Bottom Time: When and where did you learn to dive?
Bob Halstead: I escaped England and set out to explore the world in 1968. I got a teaching post as Head of the Physics Department at Queen’s College in Nassau, Bahamas, and the first thing I did was learn to dive. I bought a Nikonos 2 and started taking pictures soon after. I’ve always been fascinated by fish. In 1970, I was certified as a NAUI instructor (#2000), and in 1977, my wife Dinah and I formed Papua New Guinea’s first full-time sport diving business, Tropical Diving Adventures, based in Port Moresby. I haven’t wasted a minute since.
BT: You’re credited with discovering muck diving. Tell us about that.
BH: Muck diving is what I started calling the diving we did on black sand beaches in Milne Bay, Papua New Guinea. My divers would say, “We paid a lot of money—we don’t want to dive there,” but I promised them that we’d be searching for exotic creatures. And now of course, people pay a lot of money to do muck diving! A sanddiver fish, Trichonotus halstead, was named after Dinah and me in 1996, and in 2002, a goby, Lubricogobius dinah, was named after Dinah, and a new species of razorfish was named after me, Xyrichtys halsteadi.
BT: When did you build the Telita live-aboard?
BH: We ran adventure camp and dive safaris for about seven years and then realized we had to get a live-aboard to do these properly. We hired a naval architect and had the Telita built. The Telita was the first live-aboard dive boat. The inaugural trip was Christmas 1986 with Amos Nachoum. We lived on board the boat for 10 years—we explored everywhere, a great deal of it finding unexplored spots. We sold the boat to Mike Ball in the early 1990s.

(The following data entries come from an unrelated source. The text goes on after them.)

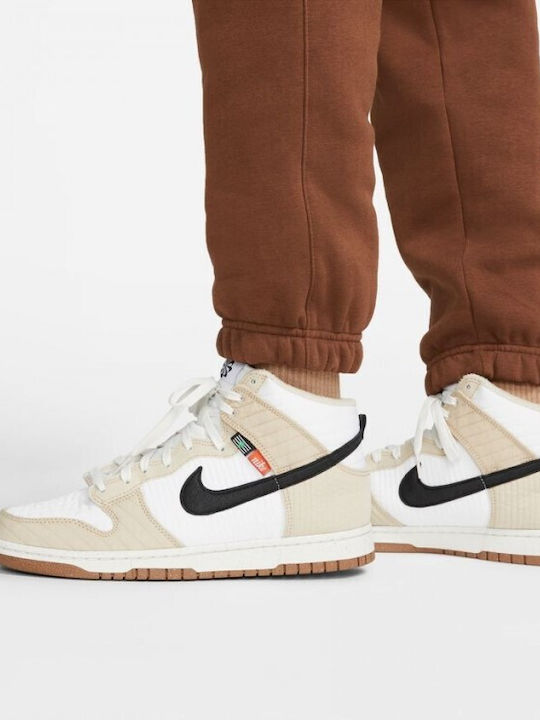 Sportswear Sweatpants with Elastic Brown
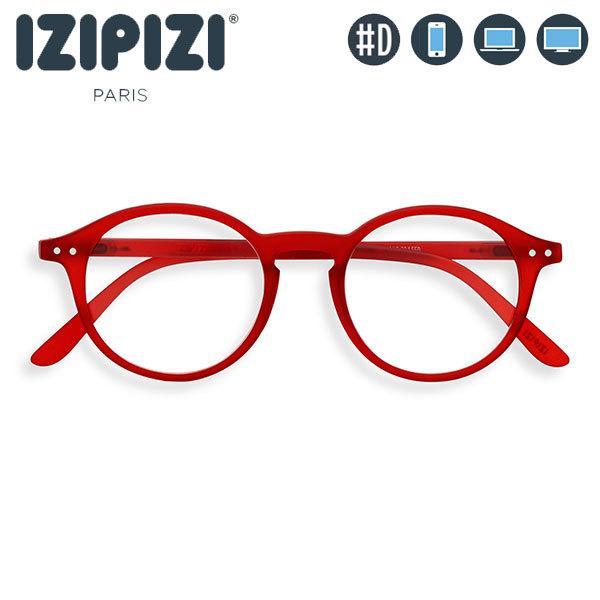 イジピジ IZIPIZI PCメガネ ブルーライトカット #D レッド 3760222626811 ...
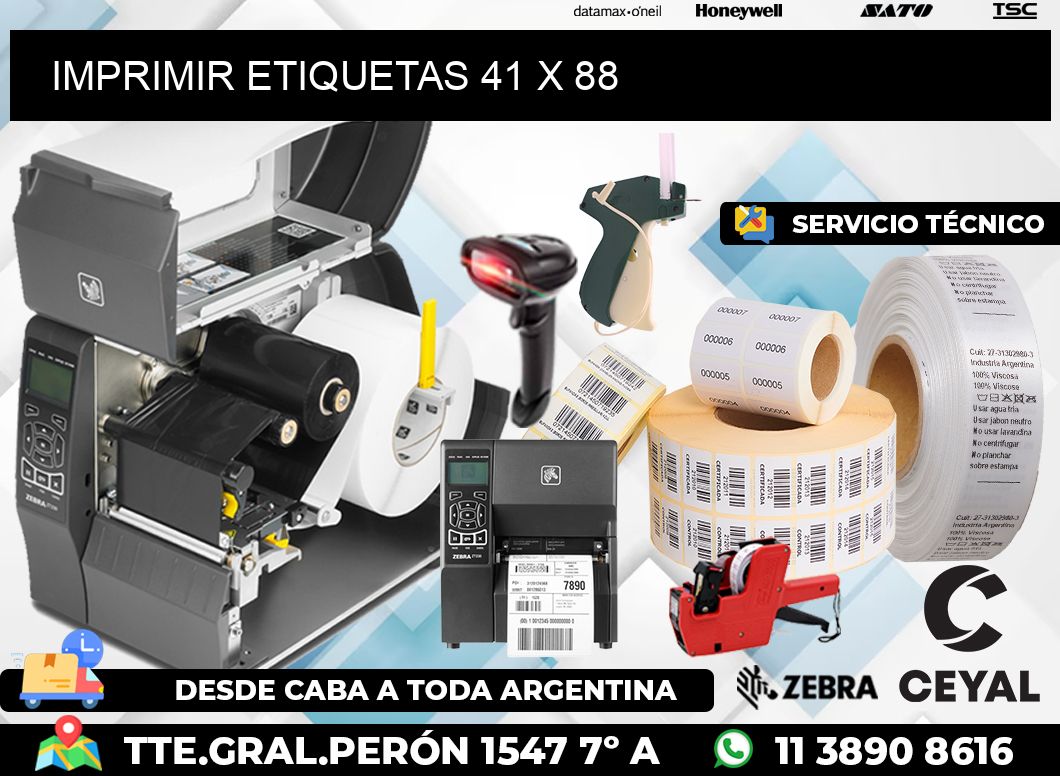 IMPRIMIR ETIQUETAS 41 x 88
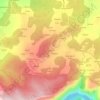 Topografische kaart Bolmente, hoogte, reliëf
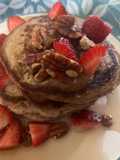 Banana Oat Pancakes with a Crunch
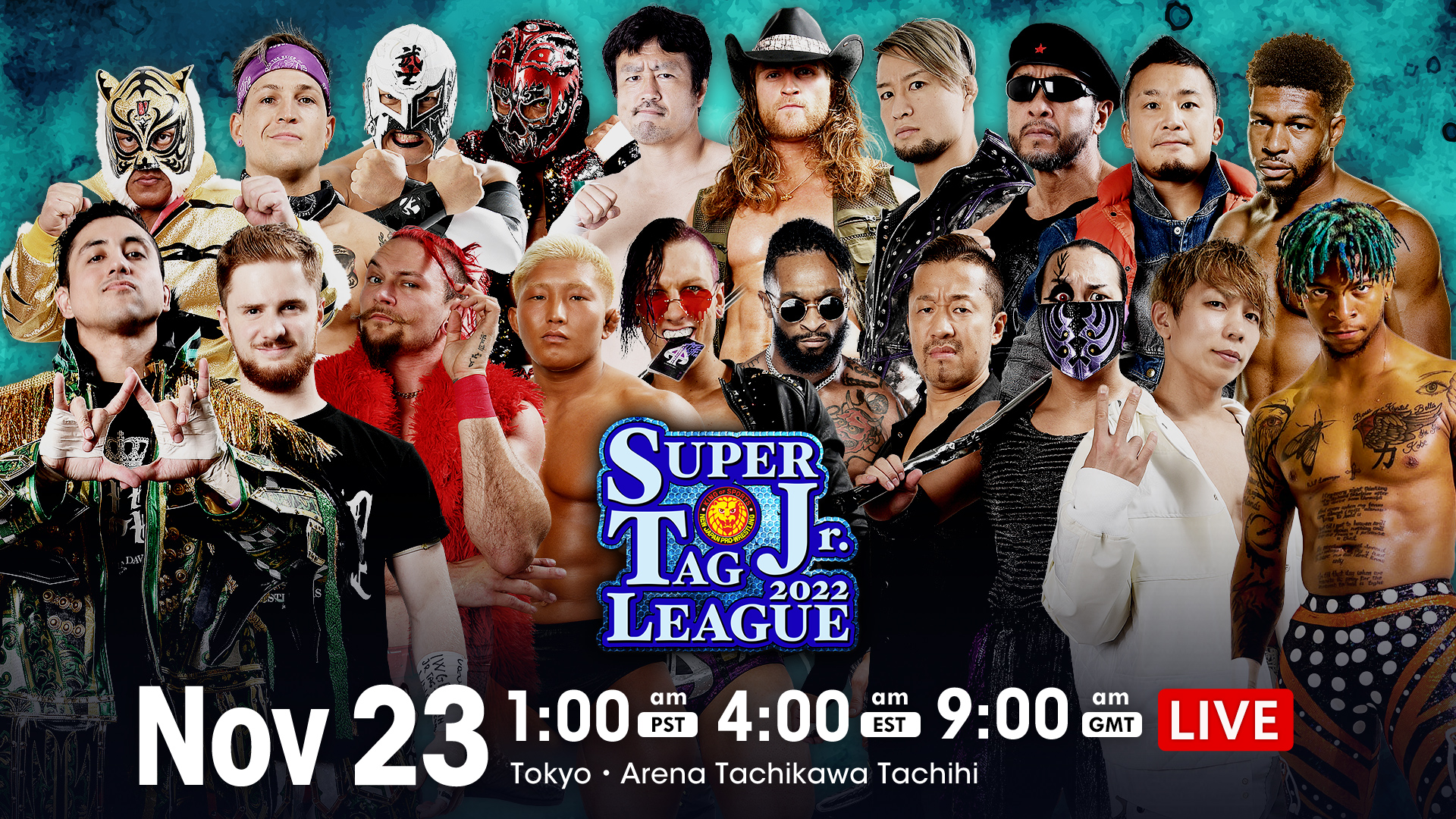 NJPW Super Jr. Tag League Results (11/23/22): TJ Perkins & Francesco Akira vs. Alex Zayne & El Lindaman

BT: What’s your best tip for a new underwater photographers:
BH: I like to tell them to become observers. The differences between some fish can be very subtle—sometimes, even they can’t even work it out! You’ll sometimes see two different species swimming together. Fish are very interesting animals and with patience and practice, you can get images that are also interesting.